The required output is the exact run of lines below that opens at the line with "Toyota Aqua 2015 Silver" and closes at the line with "Einhell TP-CL 18/3000".
======== Data to process
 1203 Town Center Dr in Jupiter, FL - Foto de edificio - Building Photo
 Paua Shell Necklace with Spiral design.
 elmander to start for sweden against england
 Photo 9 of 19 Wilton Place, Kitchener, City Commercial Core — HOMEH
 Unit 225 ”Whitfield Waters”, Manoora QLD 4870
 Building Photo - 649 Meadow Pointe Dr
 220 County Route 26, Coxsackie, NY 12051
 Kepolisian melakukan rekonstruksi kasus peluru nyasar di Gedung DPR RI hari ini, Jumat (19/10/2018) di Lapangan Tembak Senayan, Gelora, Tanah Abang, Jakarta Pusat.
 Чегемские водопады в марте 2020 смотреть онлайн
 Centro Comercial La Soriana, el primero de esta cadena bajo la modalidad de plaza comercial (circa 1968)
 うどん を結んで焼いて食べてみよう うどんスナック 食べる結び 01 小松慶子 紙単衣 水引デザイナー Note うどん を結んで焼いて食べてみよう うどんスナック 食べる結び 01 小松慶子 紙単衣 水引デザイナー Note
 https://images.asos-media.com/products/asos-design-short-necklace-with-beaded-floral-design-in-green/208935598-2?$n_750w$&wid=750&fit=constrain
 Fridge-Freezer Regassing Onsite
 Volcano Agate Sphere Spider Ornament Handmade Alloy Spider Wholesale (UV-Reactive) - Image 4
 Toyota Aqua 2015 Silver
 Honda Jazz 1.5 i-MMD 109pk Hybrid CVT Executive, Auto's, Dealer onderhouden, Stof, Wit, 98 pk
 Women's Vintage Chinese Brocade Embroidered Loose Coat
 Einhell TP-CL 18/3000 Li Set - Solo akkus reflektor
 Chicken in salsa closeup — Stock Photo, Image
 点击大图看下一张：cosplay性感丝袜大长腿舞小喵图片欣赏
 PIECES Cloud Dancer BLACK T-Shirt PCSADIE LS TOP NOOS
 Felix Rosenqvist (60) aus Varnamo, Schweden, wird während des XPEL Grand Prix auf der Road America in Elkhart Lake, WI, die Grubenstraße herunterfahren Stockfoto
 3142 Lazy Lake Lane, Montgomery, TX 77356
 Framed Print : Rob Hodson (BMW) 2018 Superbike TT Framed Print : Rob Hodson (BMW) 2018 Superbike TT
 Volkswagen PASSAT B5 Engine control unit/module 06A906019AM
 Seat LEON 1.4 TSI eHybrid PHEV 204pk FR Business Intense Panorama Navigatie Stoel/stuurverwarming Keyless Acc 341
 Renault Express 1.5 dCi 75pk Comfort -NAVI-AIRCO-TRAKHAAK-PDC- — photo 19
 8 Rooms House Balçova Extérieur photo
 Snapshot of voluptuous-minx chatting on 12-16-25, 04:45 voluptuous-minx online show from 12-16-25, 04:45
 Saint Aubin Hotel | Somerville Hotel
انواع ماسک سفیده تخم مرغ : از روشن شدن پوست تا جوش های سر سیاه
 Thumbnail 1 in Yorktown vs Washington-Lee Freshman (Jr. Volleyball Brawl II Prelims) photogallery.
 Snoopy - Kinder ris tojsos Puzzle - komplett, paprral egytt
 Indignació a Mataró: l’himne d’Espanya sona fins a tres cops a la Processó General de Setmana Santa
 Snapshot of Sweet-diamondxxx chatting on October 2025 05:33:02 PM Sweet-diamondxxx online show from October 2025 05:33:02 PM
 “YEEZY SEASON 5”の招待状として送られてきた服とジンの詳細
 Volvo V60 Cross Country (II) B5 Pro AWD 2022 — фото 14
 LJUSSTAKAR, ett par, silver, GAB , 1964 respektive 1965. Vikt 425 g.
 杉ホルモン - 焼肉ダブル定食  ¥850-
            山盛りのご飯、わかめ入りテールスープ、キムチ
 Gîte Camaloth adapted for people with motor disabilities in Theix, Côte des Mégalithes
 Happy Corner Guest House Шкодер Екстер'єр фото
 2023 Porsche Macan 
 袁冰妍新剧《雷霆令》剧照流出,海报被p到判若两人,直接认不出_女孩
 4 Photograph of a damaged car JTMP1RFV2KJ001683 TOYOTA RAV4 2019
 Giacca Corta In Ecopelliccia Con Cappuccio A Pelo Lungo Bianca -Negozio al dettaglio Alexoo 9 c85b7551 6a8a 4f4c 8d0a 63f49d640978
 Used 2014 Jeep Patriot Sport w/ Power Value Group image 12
================
Completed task —
 Toyota Aqua 2015 Silver
 Honda Jazz 1.5 i-MMD 109pk Hybrid CVT Executive, Auto's, Dealer onderhouden, Stof, Wit, 98 pk
 Women's Vintage Chinese Brocade Embroidered Loose Coat
 Einhell TP-CL 18/3000 Li Set - Solo akkus reflektor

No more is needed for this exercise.